------ GIVEN RECORDS
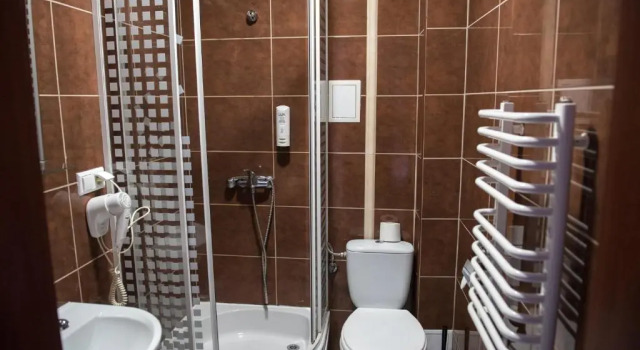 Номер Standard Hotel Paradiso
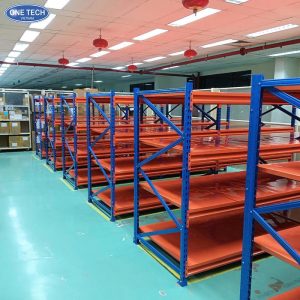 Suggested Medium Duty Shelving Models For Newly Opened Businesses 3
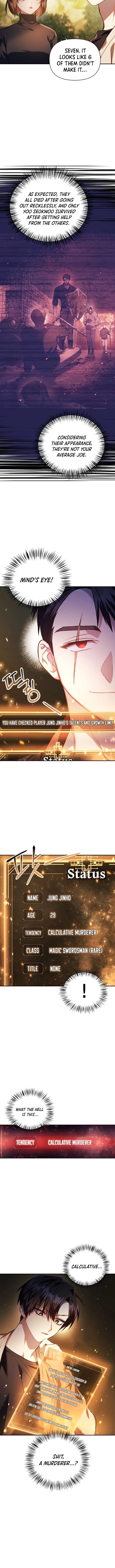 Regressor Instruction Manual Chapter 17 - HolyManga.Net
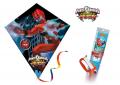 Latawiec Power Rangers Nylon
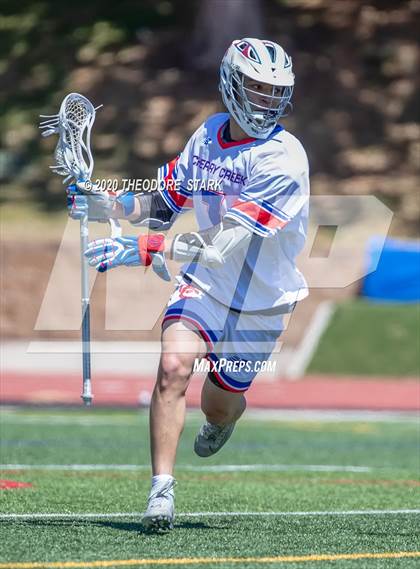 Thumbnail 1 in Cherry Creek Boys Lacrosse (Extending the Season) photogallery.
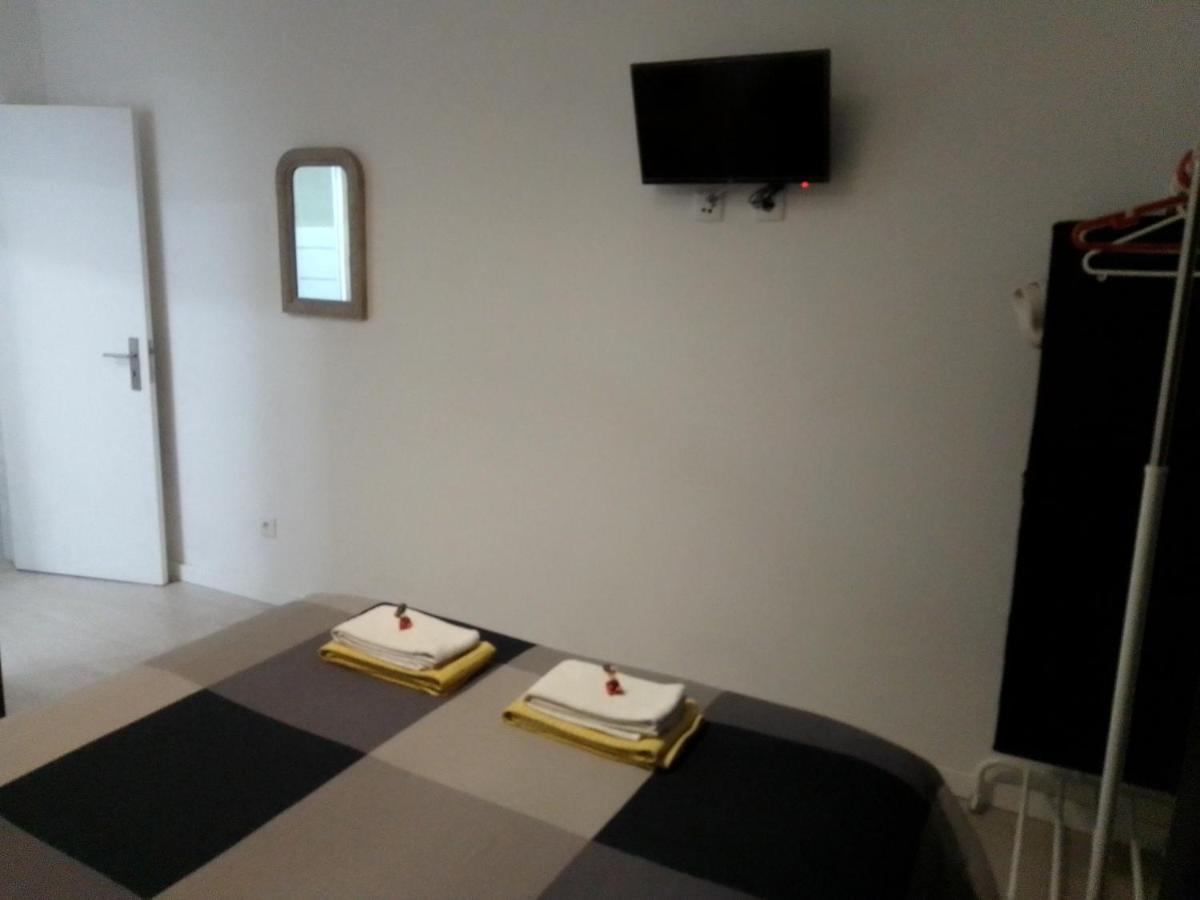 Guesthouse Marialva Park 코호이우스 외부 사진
------------
# EXERCISE DESCRIPTION:
Print the data above exactly, minus pictures.

# RESULT OF THE TASK:
 Номер Standard Hotel Paradiso
 Suggested Medium Duty Shelving Models For Newly Opened Businesses 3
 Regressor Instruction Manual Chapter 17 - HolyManga.Net
 Latawiec Power Rangers Nylon
 Thumbnail 1 in Cherry Creek Boys Lacrosse (Extending the Season) photogallery.
 Guesthouse Marialva Park 코호이우스 외부 사진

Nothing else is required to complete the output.